John Roberts, James Joyce, the individual mandate, Medicaid Estate Recovery, and “affordable” care

Andrew Sprung, XPOSTFACTOID, May 9, 2022

So it was that I caught one lightning round of associations at lunchtime today:

—  John Roberts — trying to moderate Roe strike-down?

— Roberts — headed off one radical conservative decision by saving the ACA’s individual mandate “as a tax.” 

— The mandate — justifiable? — if insurance were truly affordable for all, but under the ACA as written, it wasn’t.*

— RBG: mocking Scalia’s broccoli horrible — mandates to buy all kinds of stuff…

— mandating that people buy private insurance — ok?

— not always private — the mandate could land you in Medicaid. Public! Free!

— But… Medicaid Estate Recovery!  — for applicants over age 55 in 20-plus states, the mandated coverage is a long-term loan… 

And there I was brought up short by an actual thought. I have written before or several times, Medicaid Estate Recovery imposed on Medicaid enrollees not in long-term care undermines the ACA’s promise of “affordable” care — and the mandate to obtain it. What struck me, as I enter the marketplace myself — is no one is threatening to come after my estate for the gargantuan subsidy which my wife and I are getting. Medicaid is cheaper than marketplace coverage. In 20-plus states, people over 55 accessing it (or rather, their heirs) are ultimately on the hook for paying back premiums from the government. In New Jersey, an adult made eligible for Medicaid by the ACA costs the state and federal government $416 per month (in 2019). My wife and I will cost the feds $700/month or so. We get the benefit free and clear; the Medicaid enrollee’s children may have to pay the state back after the enrollee’s death.

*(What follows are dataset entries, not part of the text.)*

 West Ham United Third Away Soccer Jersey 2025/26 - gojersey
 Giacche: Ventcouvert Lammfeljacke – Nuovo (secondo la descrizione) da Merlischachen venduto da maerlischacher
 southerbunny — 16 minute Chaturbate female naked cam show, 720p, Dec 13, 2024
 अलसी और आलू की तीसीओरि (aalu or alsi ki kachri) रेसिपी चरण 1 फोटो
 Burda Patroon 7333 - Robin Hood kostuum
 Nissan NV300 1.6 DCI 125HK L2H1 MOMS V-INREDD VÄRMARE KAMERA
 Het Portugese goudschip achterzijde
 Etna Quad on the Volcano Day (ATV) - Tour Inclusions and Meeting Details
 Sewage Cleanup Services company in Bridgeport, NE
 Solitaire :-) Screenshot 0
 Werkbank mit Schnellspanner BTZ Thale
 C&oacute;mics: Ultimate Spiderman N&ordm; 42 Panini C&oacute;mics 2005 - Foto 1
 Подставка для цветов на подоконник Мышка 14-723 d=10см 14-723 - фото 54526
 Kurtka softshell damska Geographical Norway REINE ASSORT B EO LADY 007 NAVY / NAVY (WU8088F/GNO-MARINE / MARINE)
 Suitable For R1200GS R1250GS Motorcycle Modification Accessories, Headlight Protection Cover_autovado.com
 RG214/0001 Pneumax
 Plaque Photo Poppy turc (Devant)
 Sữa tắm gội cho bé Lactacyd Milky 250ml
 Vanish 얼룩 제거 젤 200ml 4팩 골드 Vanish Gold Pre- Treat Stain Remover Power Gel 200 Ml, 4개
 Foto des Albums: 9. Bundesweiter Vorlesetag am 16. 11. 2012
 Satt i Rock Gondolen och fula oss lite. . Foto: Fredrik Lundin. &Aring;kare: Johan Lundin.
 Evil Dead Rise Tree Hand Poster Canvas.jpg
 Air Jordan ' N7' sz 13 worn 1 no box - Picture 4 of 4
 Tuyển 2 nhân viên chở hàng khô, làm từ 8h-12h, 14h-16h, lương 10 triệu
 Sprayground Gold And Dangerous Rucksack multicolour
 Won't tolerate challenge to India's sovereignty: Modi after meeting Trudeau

Put another way, if you’re over age 55, lack access to other insurance and earn $17,775 per year, under the ARPA subsidy schedule you qualify free silver marketplace coverage with Cost Sharing Reduction that bumps the actuarial value to 94%.

If you earn, $17,773, you get Medicaid — also free, but with an effective lien on it. ???

That’s ridiculous. One generation’s legislative priority was to avoid giving people with assets free long-term care (though estate recovery most commonly falls on low income people). So the 1993 omnibus budget package required states to recover from the estates of those whose long-term care was funded by Medicaid. That 3rd Way legislative aim ran smack dab into the next generation’s intent: to make affordable health coverage available to all non-seniors. States, given the option to extend Medicaid Estate Recovery to all enrollees over age 55, most often opted for the extra revenue opportunity.  Thus, “affordable” coverage is a long-term loan for a significant subset of near-elderly beneficiaries of the ACA Medicaid expansion, or other pathways to Medicaid eligibility.

Okay, it’s not a new thought. It’s the same obvious injustice. But the stark contrast with the way marketplace coverage — more wasteful, more expensive, available only at higher incomes — is granted struck me afresh.—

* I somehow skirted the usual follow-on thought: the ARPA subsidy boosts brought the ACA a lot closer to living up to its name, and it will be  policy disaster and political suicide if Democrats fail to extend them.